I apologize for not specifying this in my original post, but Quantum ESPRESSO uses wrappers around MPI functions, so that serial executables can be built.
So, even though I’m launching the program directly without using the mpiexec
command, I don’t believe this should be a problem.
Again, thank you both for your feedback.
Since my original post, I’ve spent quite a bit of time investigating this issue and I believe I’m closer to a solution:
The issue was actually appearing as soon as the open_input_file
function was called, which occurs right before that mb_bcast
call in the screenshot I posted originally.
I can set a breakpoint at any point in execution up to or including that open_input_file
line.
But if I set a breakpoint at any line executed afterwards, even at the very first line of that open_input_file
function, the issue appears.
I tried to debug the program directly, rather than using VSCode.
I set a breakpoint at line 48 of the read_input.f90
file, which is shown in the screenshot of my original post.
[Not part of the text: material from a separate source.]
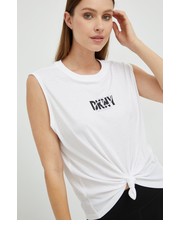 Bluzka top bawełniany kolor biały - Answear.com Dkny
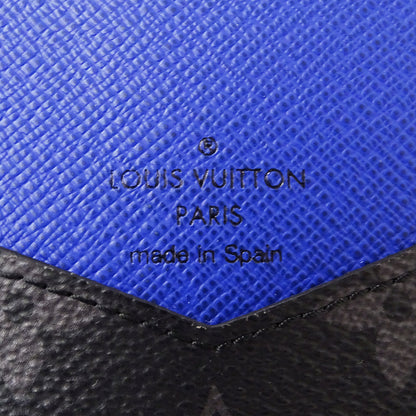 LOUIS VUITTON ルイ・ヴィトン オーガナイザー ドゥ ポッシュ カードケース エピ モノグラム エクリプス ノワール M80768 エピレザー メンズ 【中古】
I also set a breakpoint at line 93 of open_close_input_file.f90
, which is the very first line of that open_input_file
function.
As you can see in the output below, the program stops at the first breakpoint, and I’m able to run the bt
gdb command.
The program continues to the next breakpoint, and I’m able to run the bt
gdb command again.
(When debugging with VSCode, this wouldn’t be possible: gdb would have already hung/crashed at this point.)
However, as you can see, when I run the info variables
command, gdb crashes with a segfault:
gdb bin/pw.x
GNU gdb (Debian 13.1-3) 13.1
Copyright (C) 2023 Free Software Foundation, Inc.
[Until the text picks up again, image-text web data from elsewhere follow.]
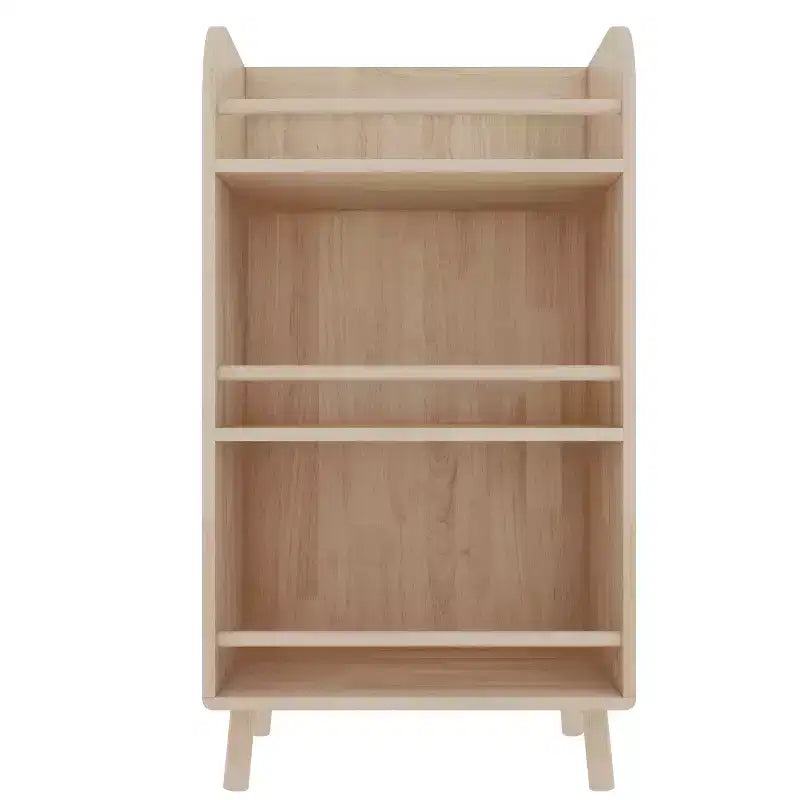 Étagère en bois de pin massif robuste pour le salon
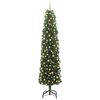 vidaXL Albero di Natale artificiale con 300 LED Verde 240 cm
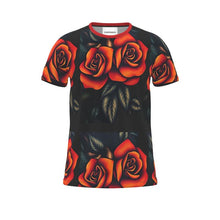 Load image into Gallery viewer, R&amp;RH Burnt Orange Roses T-Shirt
License GPLv3+: GNU GPL version 3 or later <http://gnu.org/licenses/gpl.html>
This is free software: you are free to change and redistribute it.
There is NO WARRANTY, to the extent permitted by law.
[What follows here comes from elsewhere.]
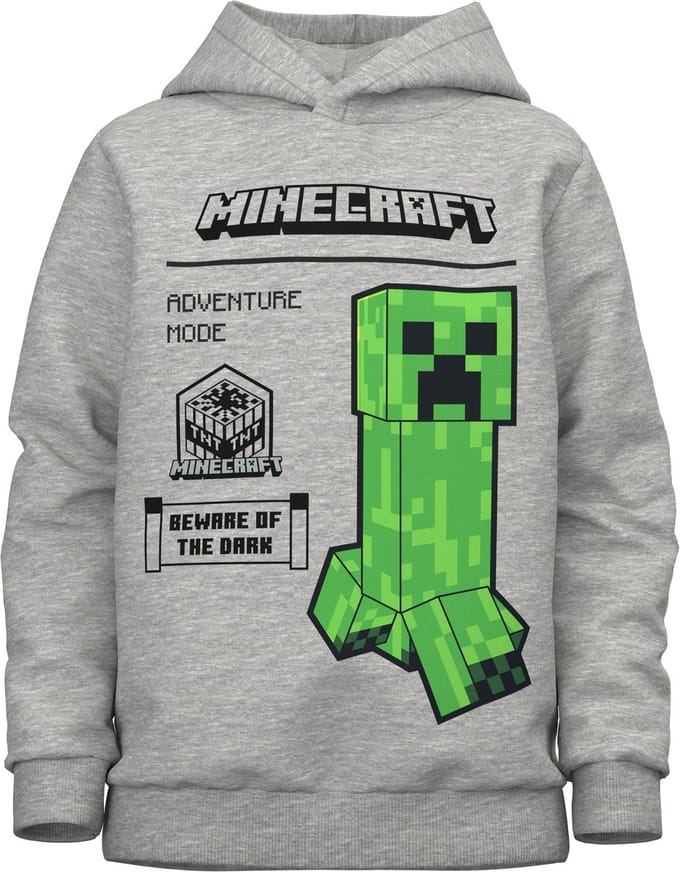 NAME IT - TKMPNAT MINECRAFT NREG SWEAT WH NOOS BFU - Jongens - Sweaters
Type "show copying" and "show warranty" for details.
This GDB was configured as "x86_64-linux-gnu".
Type "show configuration" for configuration details.
For bug reporting instructions, please see:
<https://www.gnu.org/software/gdb/bugs/>.
Find the GDB manual and other documentation resources online at:
<http://www.gnu.org/software/gdb/documentation/>.
For help, type "help".
Type "apropos word" to search for commands related to "word"...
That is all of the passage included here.